DIRECTIONS: Lines containing the word "Clothes" are to be copied from the data below.

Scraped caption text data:
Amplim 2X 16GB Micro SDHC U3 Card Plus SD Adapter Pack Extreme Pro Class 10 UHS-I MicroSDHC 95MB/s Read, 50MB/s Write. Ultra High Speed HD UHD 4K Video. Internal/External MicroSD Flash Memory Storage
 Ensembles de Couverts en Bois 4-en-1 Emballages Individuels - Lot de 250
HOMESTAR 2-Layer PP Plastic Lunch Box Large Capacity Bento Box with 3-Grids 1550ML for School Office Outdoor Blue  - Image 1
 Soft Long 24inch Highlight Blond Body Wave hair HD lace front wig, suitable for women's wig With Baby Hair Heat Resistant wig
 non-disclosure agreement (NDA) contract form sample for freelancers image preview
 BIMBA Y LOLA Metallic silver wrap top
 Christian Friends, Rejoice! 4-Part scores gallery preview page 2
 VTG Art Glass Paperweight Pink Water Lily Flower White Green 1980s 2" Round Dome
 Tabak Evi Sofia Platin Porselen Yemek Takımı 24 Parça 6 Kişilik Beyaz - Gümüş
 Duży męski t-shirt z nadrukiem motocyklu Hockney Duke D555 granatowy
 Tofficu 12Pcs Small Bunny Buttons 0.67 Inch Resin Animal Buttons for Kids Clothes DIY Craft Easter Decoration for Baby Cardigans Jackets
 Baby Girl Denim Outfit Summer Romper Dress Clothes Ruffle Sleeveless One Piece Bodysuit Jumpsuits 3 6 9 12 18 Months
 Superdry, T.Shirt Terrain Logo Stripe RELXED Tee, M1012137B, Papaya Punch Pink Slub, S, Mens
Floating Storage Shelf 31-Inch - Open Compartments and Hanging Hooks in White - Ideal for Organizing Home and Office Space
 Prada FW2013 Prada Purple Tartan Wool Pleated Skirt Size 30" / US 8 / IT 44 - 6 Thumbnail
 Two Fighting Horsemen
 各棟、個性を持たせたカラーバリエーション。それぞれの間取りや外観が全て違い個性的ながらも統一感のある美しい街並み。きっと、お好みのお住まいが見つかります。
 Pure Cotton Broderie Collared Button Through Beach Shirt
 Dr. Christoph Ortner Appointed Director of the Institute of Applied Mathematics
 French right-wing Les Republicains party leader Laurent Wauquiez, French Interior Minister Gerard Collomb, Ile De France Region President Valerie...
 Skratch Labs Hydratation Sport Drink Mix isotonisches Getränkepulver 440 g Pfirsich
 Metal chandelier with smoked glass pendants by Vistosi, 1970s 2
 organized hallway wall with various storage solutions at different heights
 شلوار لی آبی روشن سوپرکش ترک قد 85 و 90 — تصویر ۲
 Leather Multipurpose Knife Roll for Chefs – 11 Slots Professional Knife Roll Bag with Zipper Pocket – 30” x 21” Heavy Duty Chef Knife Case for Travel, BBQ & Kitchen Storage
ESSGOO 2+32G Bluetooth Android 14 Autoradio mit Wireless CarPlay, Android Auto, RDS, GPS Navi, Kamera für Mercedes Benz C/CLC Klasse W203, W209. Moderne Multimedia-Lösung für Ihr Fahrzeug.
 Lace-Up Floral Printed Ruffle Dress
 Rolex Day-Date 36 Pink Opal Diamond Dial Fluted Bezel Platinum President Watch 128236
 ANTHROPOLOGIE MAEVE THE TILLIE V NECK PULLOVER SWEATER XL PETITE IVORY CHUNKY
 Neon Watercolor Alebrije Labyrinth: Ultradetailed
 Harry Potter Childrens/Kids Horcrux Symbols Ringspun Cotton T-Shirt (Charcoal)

YOUR SOLUTION:
 Tofficu 12Pcs Small Bunny Buttons 0.67 Inch Resin Animal Buttons for Kids Clothes DIY Craft Easter Decoration for Baby Cardigans Jackets
 Baby Girl Denim Outfit Summer Romper Dress Clothes Ruffle Sleeveless One Piece Bodysuit Jumpsuits 3 6 9 12 18 Months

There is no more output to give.